“Da qui, messere, si domina la valle
ciò che si vede, è.
Ma se l’imago è scarna al vostro occhio
scendiamo a rimirarla da più in basso
e planeremo in un galoppo alato
entro il cratere ove gorgoglia il tempo”
In volo, Banco del Mutuo Soccorso
Se è vero che tutto ciò che si vede, e quindi è, è già stato detto, scritto e raccontato, tanto vale avventurarsi nelle terre ancora non del tutto esplorate del non è, o del non è ancora, o finanche del non sarà mai. Perché anche se alcune tessere del puzzle del futuro possono già essere facilmente incasellate, l’immagine femminea che apparirà quando il sarà potrà essere declinato al presente e il tempo cesserà di gorgogliare è oggi irrimediabilmente scarna, se non del tutto indecifrabile.
Ma dopotutto non è così importante scommettere sul sorriso o sulle grida di dolore, sulla giovinezza o sulla senescenza, sulla limpidezza o sull’enigmaticità del viso della novella Gioconda, quanto provare a raccontare un non detto che, al di là della sua opinabile verosimiglianza, possa ridestare in chi legge il desiderio sopito di rimboccarsi le maniche per imbastire un futuro collettivo che non sia fondato sulla mera estrapolazione delle tendenze in atto, o peggio sulla credenza che il futuro sia una semplice replica del presente. In un mondo che sembra guidato da un cieco pilota automatico, un tale desiderio suona oggi quasi rivoluzionario.
A chi pecca di facile ottimismo, o ha fede nelle virtù taumaturgiche dell’intelligenza umana, le pagine che seguono potranno apparire incomprensibili, o finanche risultare un insopportabile affronto all’intelligenza stessa. Mentre invece è proprio l’intelletto uno dei protagonisti del racconto, nelle due forme su cui si giocheranno i destini dell’Uomo e della Terra, ovvero quello che risiede nella corteccia cerebrale umana e quello traslato dai suoi neuroni in chip di silicio senza vita.

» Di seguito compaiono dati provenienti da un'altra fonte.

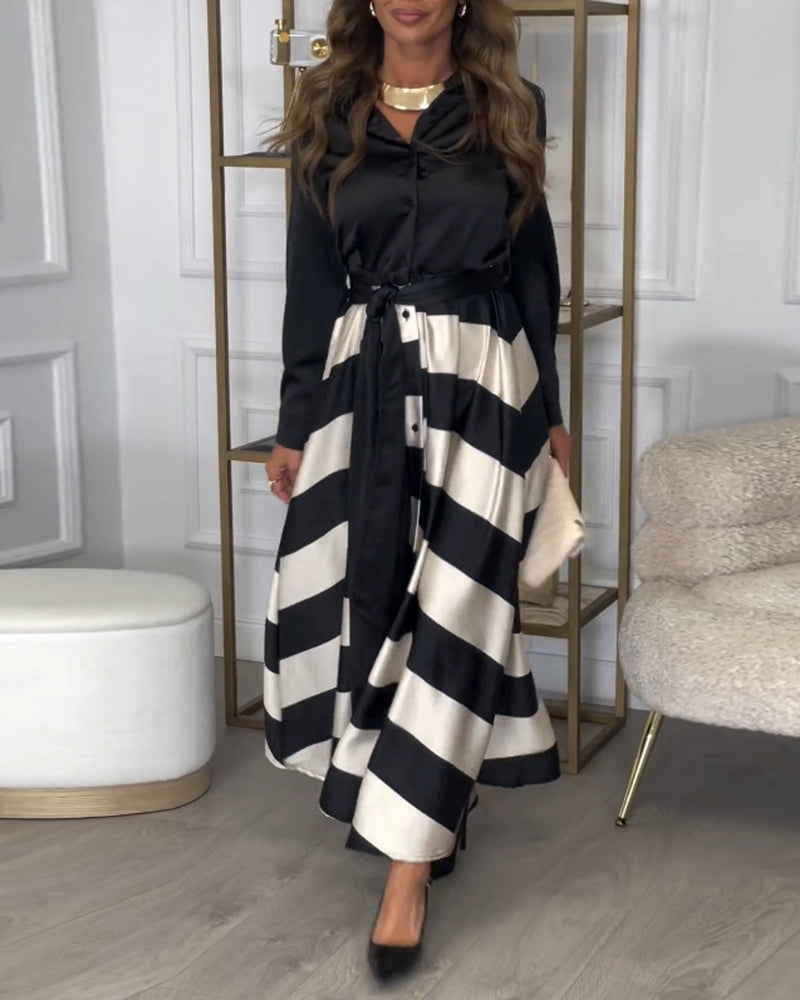 Elegant kjole med striper og jakkeslag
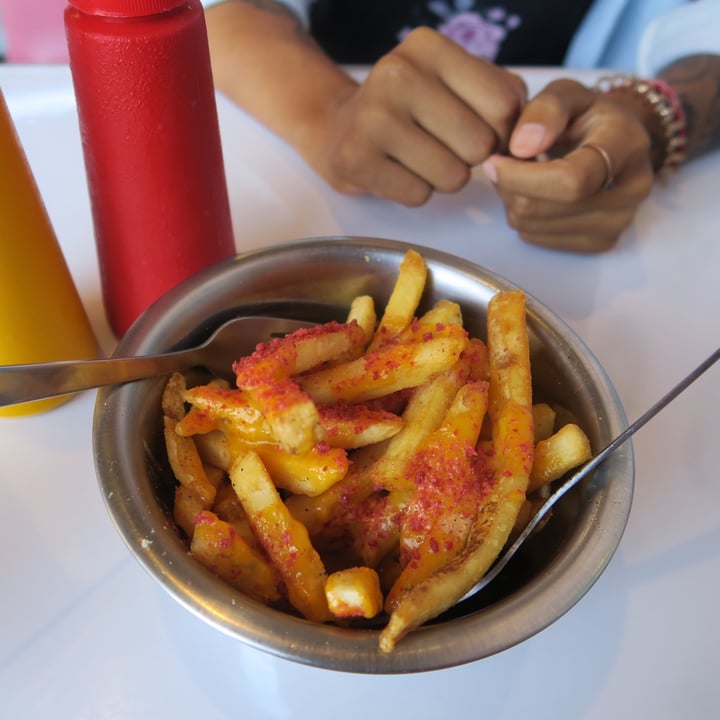 photo of COMET 984 - 50's Diner Loaded French Fries shared by @vgntraveler on  09 Sep 2020 - review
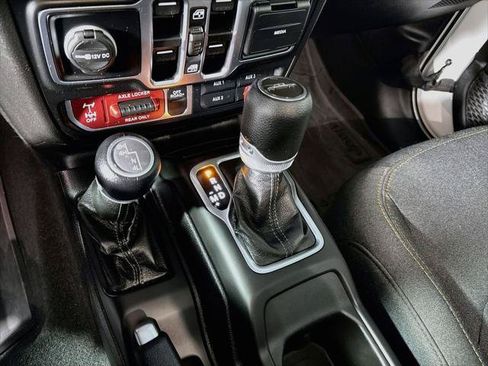 Certified 2025 Jeep Gladiator Sport AWD/4WD image 18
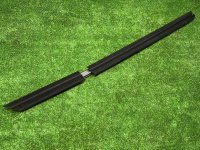 BMW / 1-Series / Уплотнитель стекла двери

L’altro protagonista è lo spirito creativo, di cui il genere umano si è impregnato stando a contatto con il miracolo della natura sin dall’origine della specie. Con l’allentarsi artificioso del legame ancestrale dell’Uomo con l’ambiente, lo spirito rischia di perdere poco a poco i suoi connotati innovativi, quelli che di tanto in tanto fanno deragliare la Storia dai binari morti per traghettarla verso nuovi orizzonti. Per allontanare questo rischio abbiamo bisogno ora più che mai di silenziare i nostri dispositivi elettronici, spalancare le finestre e tendere l’orecchio ad ascoltare il sordo lamento di una natura che sempre di più ci vede come un nemico che la assale con sofisticate armi di distruzione anziché come una delle sue meravigliose creature. Solo così l’anima potrà vincere la pigrizia della mente offuscata dall’assordante rumore di fondo in cui si srotolano le nostre vite.
E poi, nel racconto ci sono le ragazze e i ragazzi, che più che i protagonisti sono i veri artefici di ciò che li attende. A tutti loro, costretti a navigare a vista remando contro le avversità e gli ostacoli di ogni genere che abbiamo frapposto sul loro cammino, la mia generazione dovrebbe avere il coraggio di chiedere scusa per aver speso il proprio tempo a consumare il presente anziché a seminare il futuro.
Possiamo a questo punto finalmente scendere a rimirare da più in basso la nostra magnifica sfera rotante, con quei colori pastello che tolgono il respiro, i contorni cangianti e quelle candide spirali bianche che la avvolgono.
Ma da più in basso, talvolta, le cose si rivelano essere diverse da come appaiono da lontano.